It's awesome because it's so visual, right?
Like, it really gives you an intuition for what's happening.
And it's super low overhead because you're just changing, writing a single value somewhere.
It's brilliant.
Anyway, so we knew that this existed and we used it for this purpose and it was very valuable for that.
But that's what we ended up using to debug this issue.
So I peppered the code with different colored, the initialization code with different colors.
And then we burnt one of these disks.
And now, these are 1x speed and they're like 850 meg disks because we packed.
it through full of the rafter. So you're sat on tenter hooks waiting for the stupid thing to
to burn. And the technology of the time was incredibly sensitive to movement. So if you banged into
it, it would go, oh, fault, the lens would lose track of where it was writing. And our,
admittedly, by this time we're in our nice headquarters in North London, there was like an area
that we kind of marked out. It was like, do not walk around here because the suspended floor
is bouncy enough that it will knock the machine around and we'll maybe lose a burn.

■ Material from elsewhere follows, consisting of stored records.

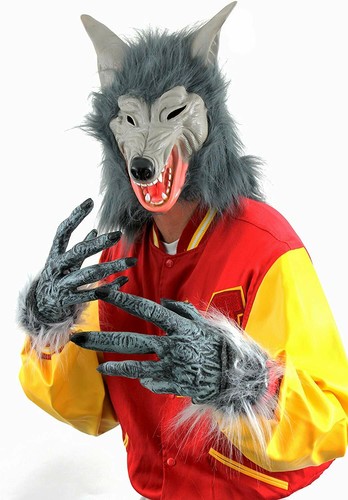 Wolf mask and hands costume - wolf,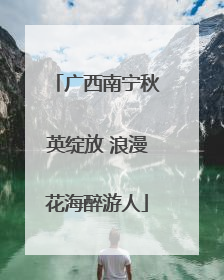 广西南宁秋英绽放 浪漫花海醉游人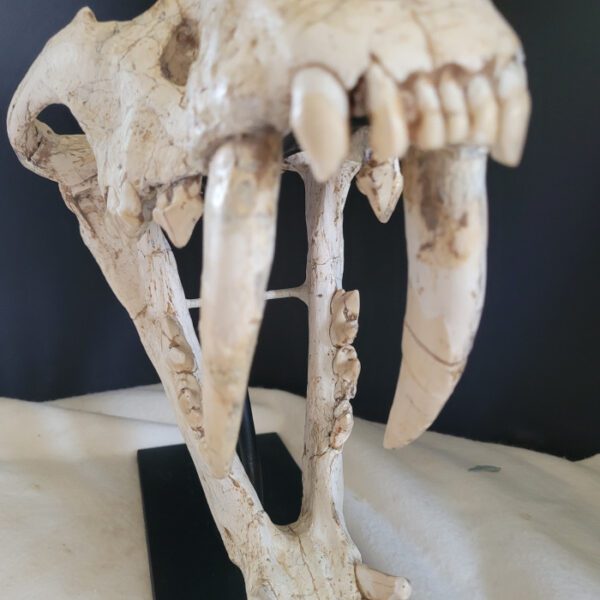 A close up of the teeth on an animal skull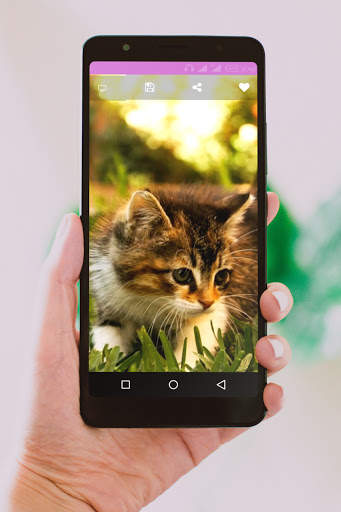 Cute Cats Wallpaper screenshot 3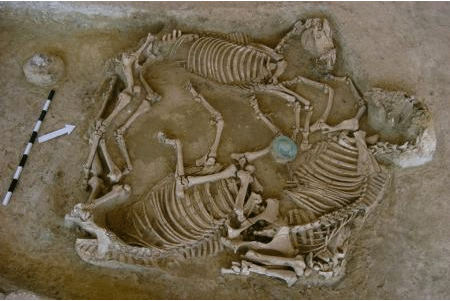 Enterramiento de tres caballos hallado en Grecia
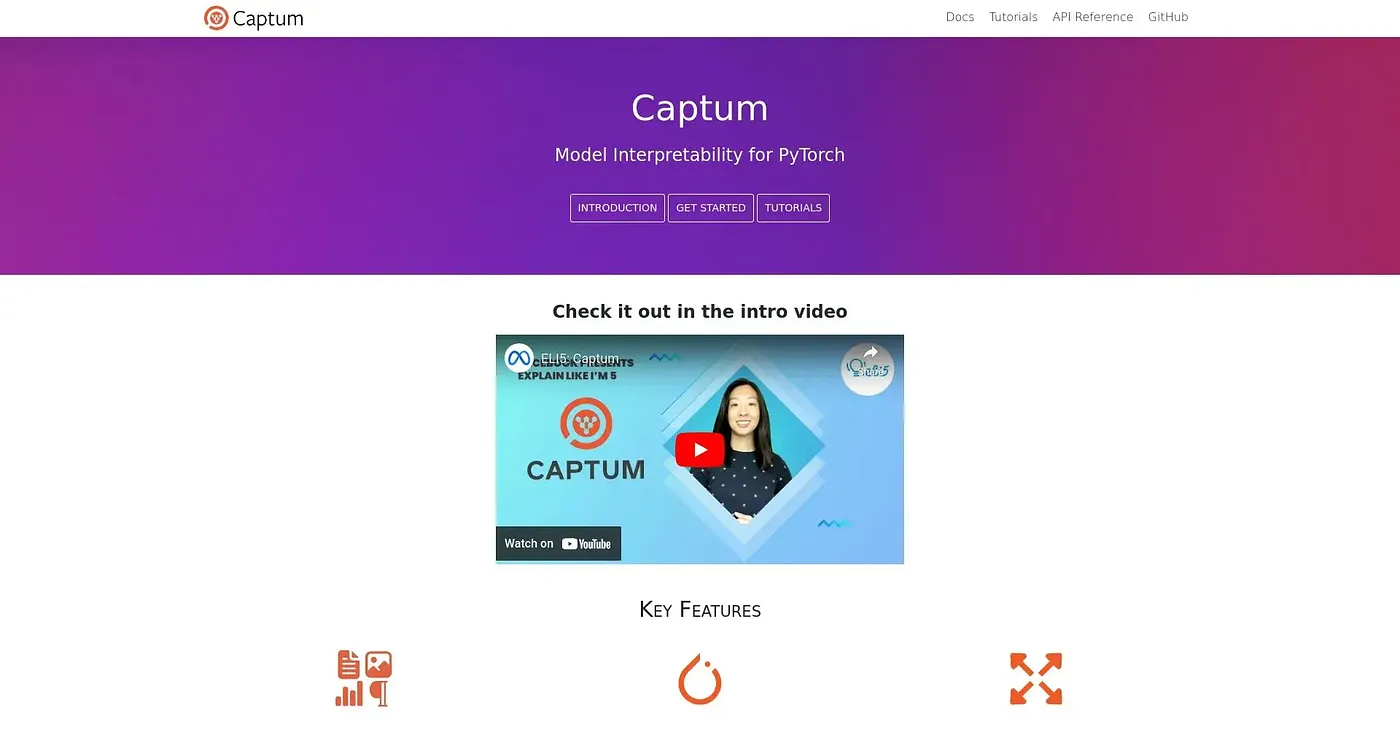 Screenshot of Captum AI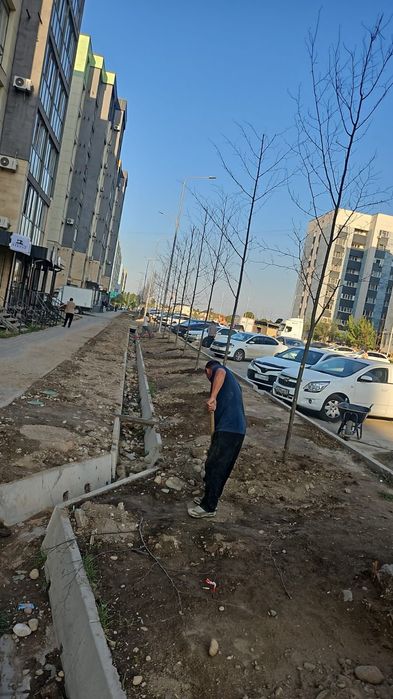 Липа стволы толстый прямые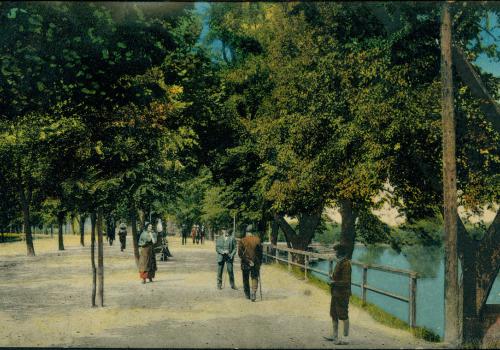 Linecké stromořadí (1915)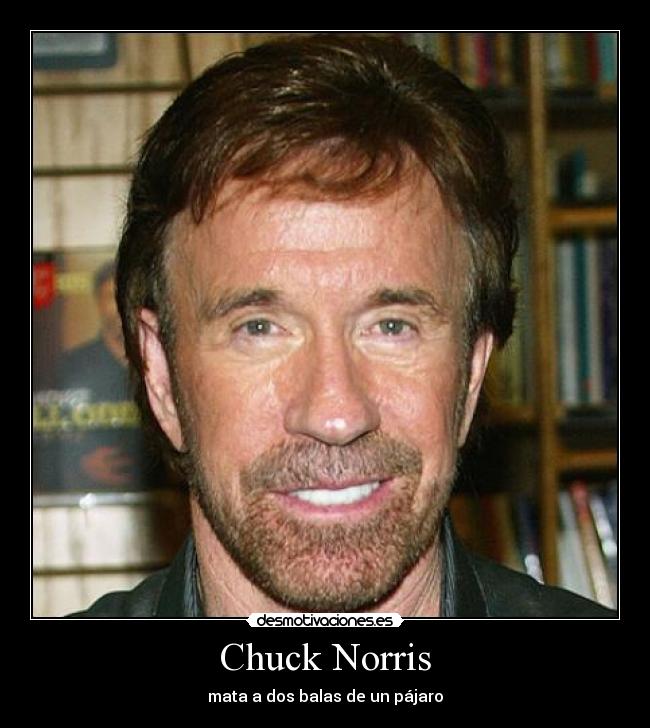 Chuck Norris - mata a dos balas de un pájaro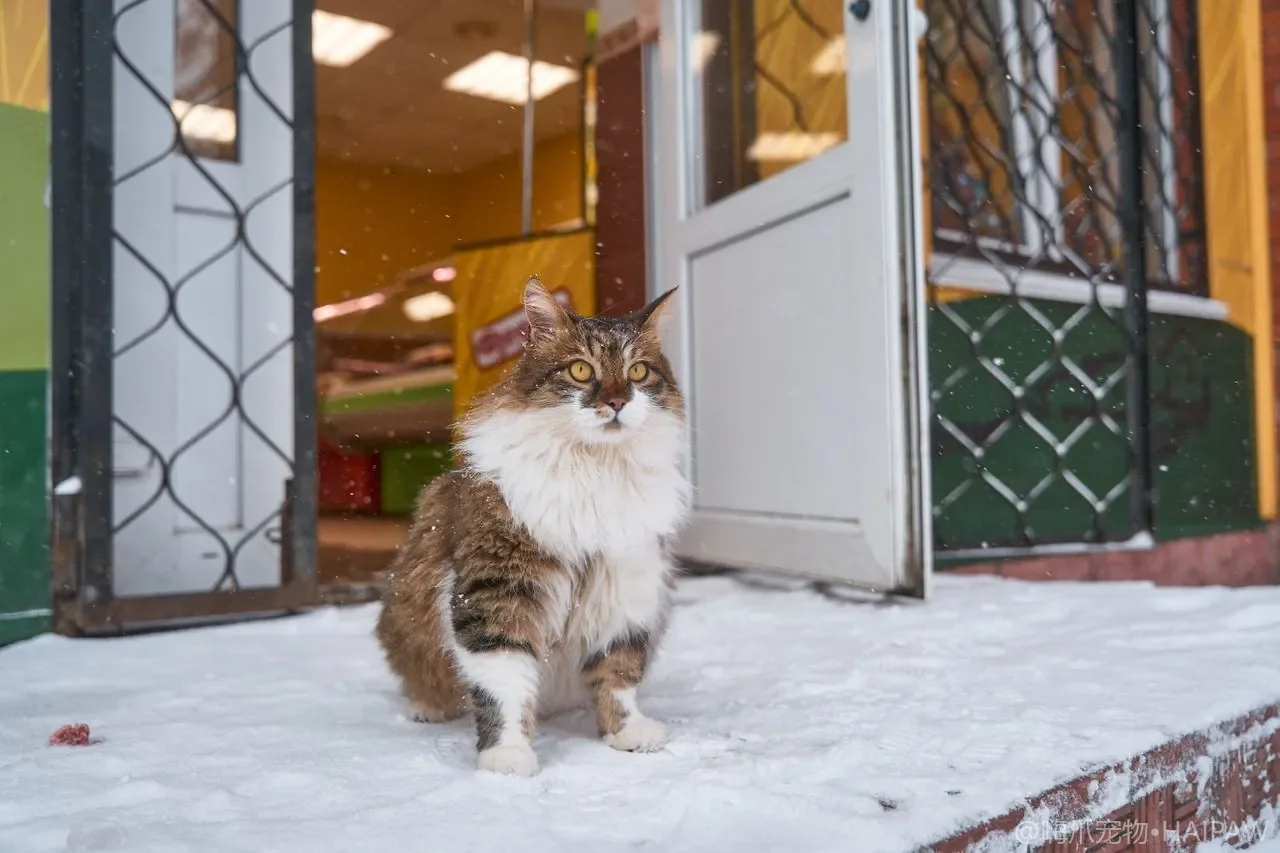 猫咪挑食只吃冻干？7种科学诱食法与挑食背后的健康隐患排查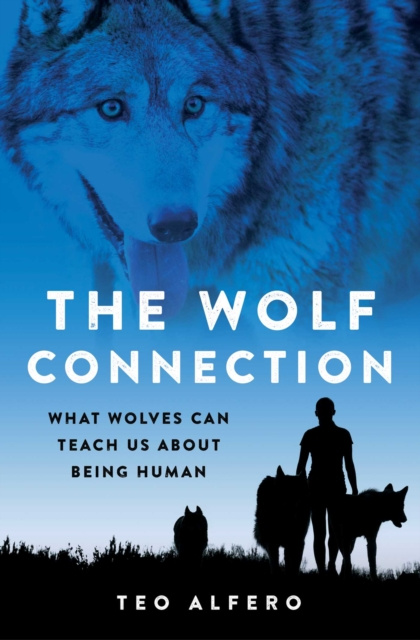 E-knjiga Wolf Connection Teo Alfero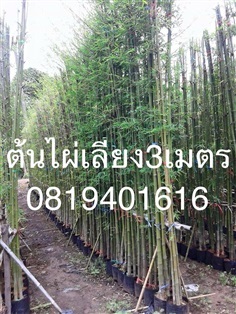 ขายต้นไผ่เลี้ยง ความสูงมี 1-6 เมตร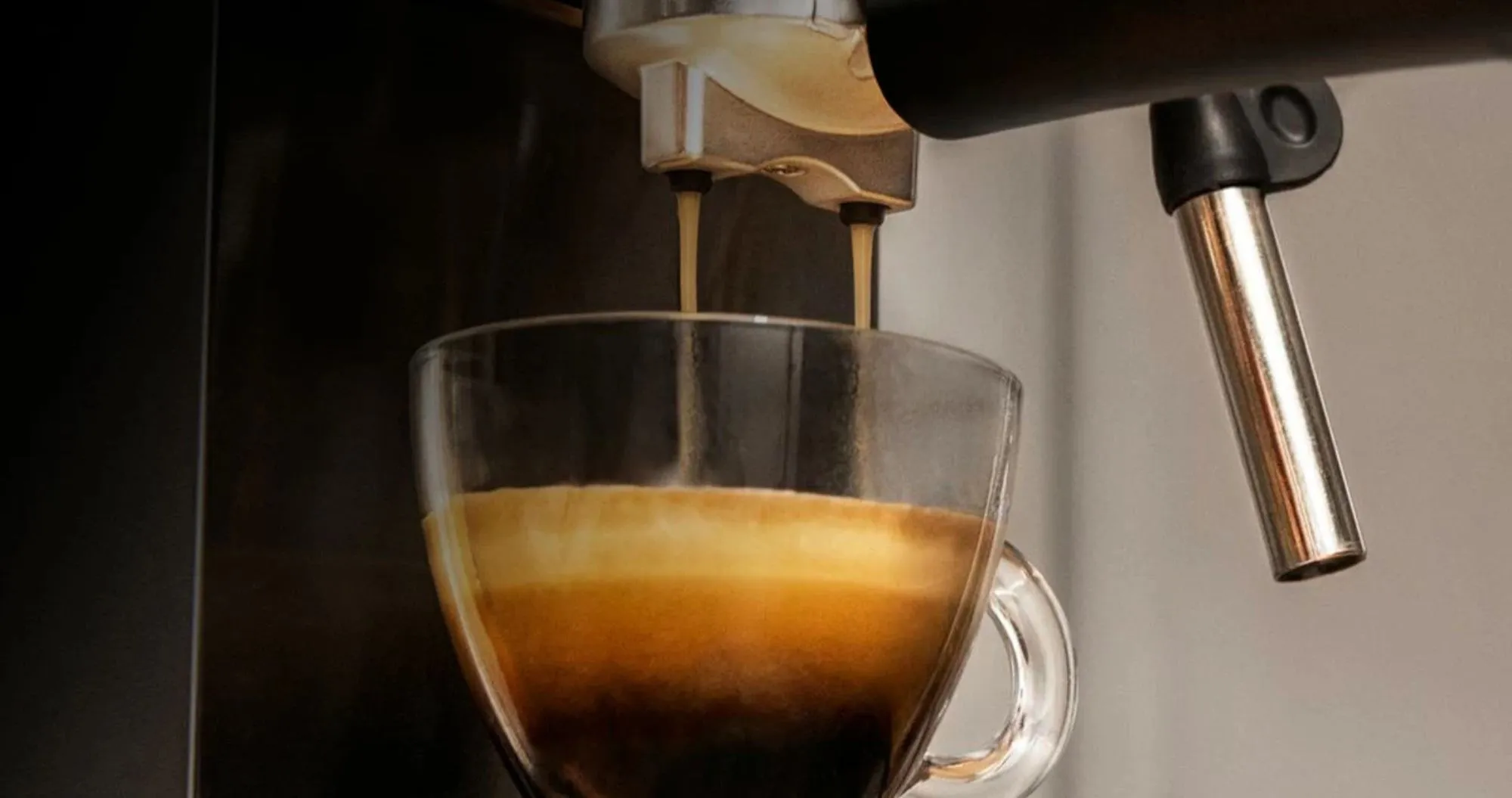 Ріжкова кавоварка Cecotec Cafelizzia 790 Steel (Silver) (CCTC-01582)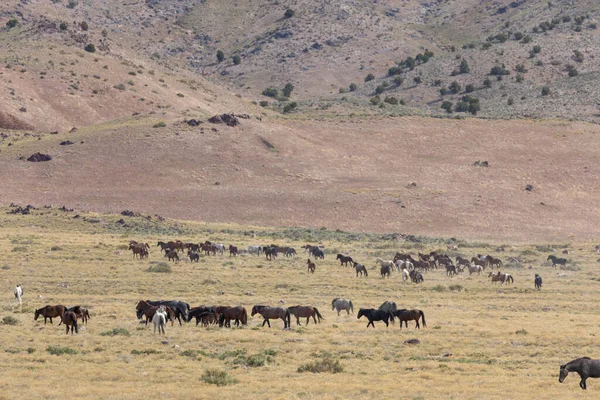 Una Manada Caballos Salvajes Primavera Desierto Utah — Foto de Stock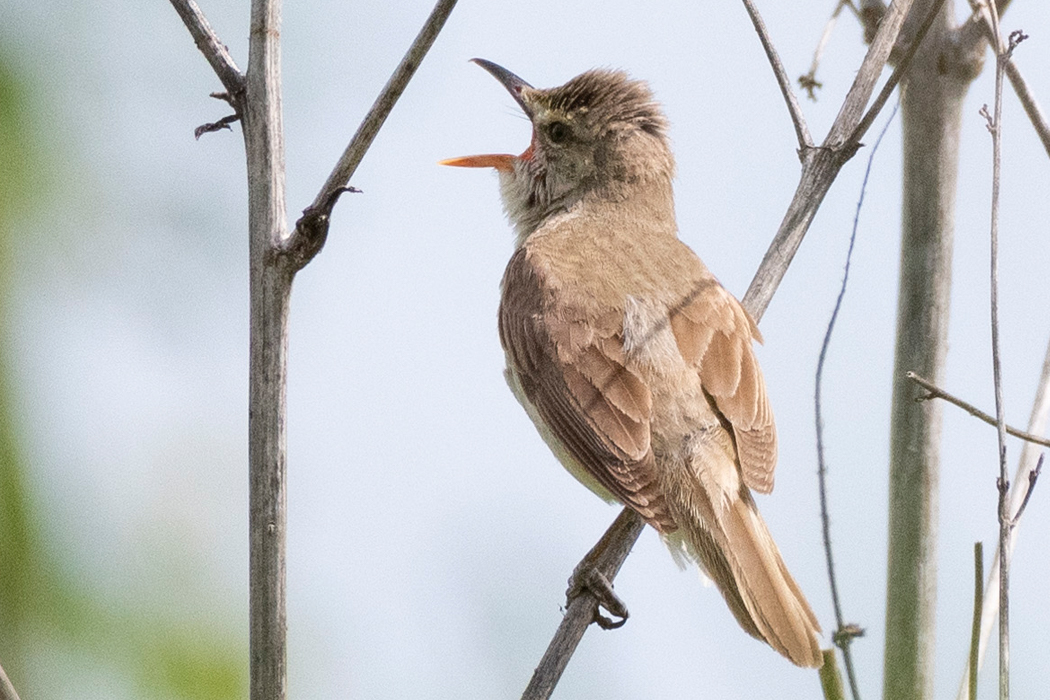 多摩大橋（午前）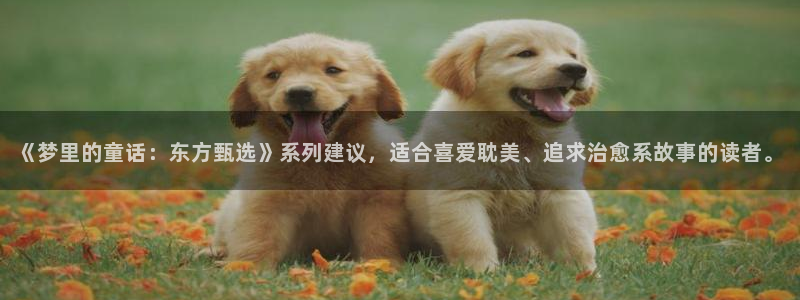 囧次元无广告版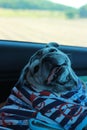 Close-up photo of a cute smiling pug.  open mouth to see teeth and tongue funny pet face concept Royalty Free Stock Photo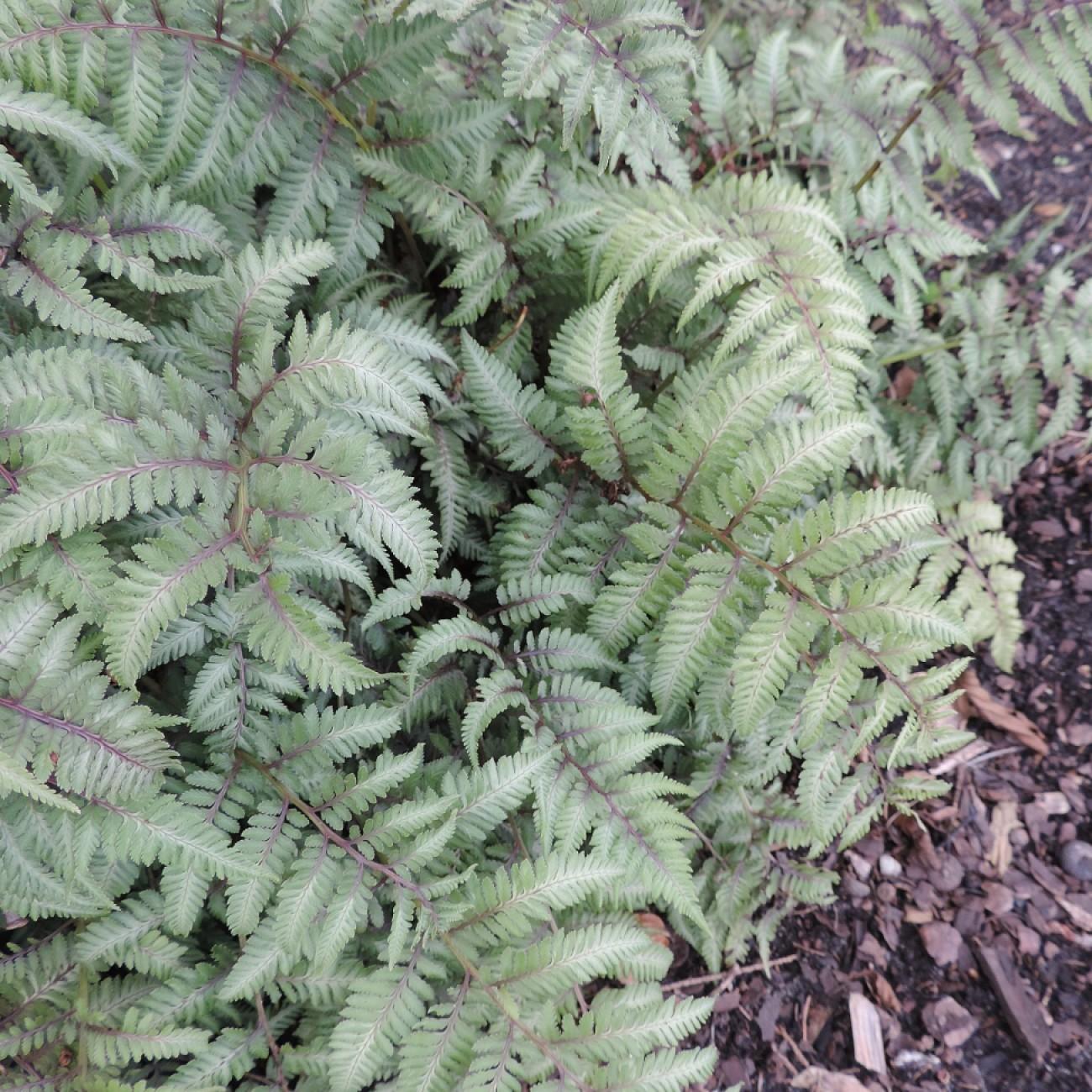 Japanese painted fern (Athyrium niponicum var. pictum 'Pewter Lace') plant — close-up photo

So this was sort of behind my desk and I was like frantically changing the code,
building a new image, burning the disc, putting it in the machine.
It's yellow.
Okay, now I kind of had a chart.
What does yellow mean?
Yellow means it got to this line of code, but clearly didn't get to the thing that changes it to purple that's afterwards.
Okay.
So now we put, we do a new build with the colours reset and wherever that yellow was,
we start with red and we move through the spectrum.
And you kind of, I was going to say binary search, but, you know,
how many colours were distinguishable search through.
And eventually we found it.
And it was the absolute classic of C programs of the year.
Although there was a little bit of C++ in there as well.
But from an empty, from a cold boot, like literally turning the machine off,
putting the disc in and turning it on,
memory is just random numbers, right?
You hit this issue.
And I don't even remember exactly which line it was.
I have got the source code.
We have open the source code to this.
And I can't find where it was for the life of me.
But it was a relatively single line change.
You're like, oh, yeah, equals zero on the end of a line or something like that.
And then that fixed everything.
And you're like, crikey, you know.
Do you remember what color it was?
I don't remember what color it was.
No, no, unfortunately not.
No, I don't.
I don't remember which colors we used or how many I could actually distinguish, you know, unambiguously.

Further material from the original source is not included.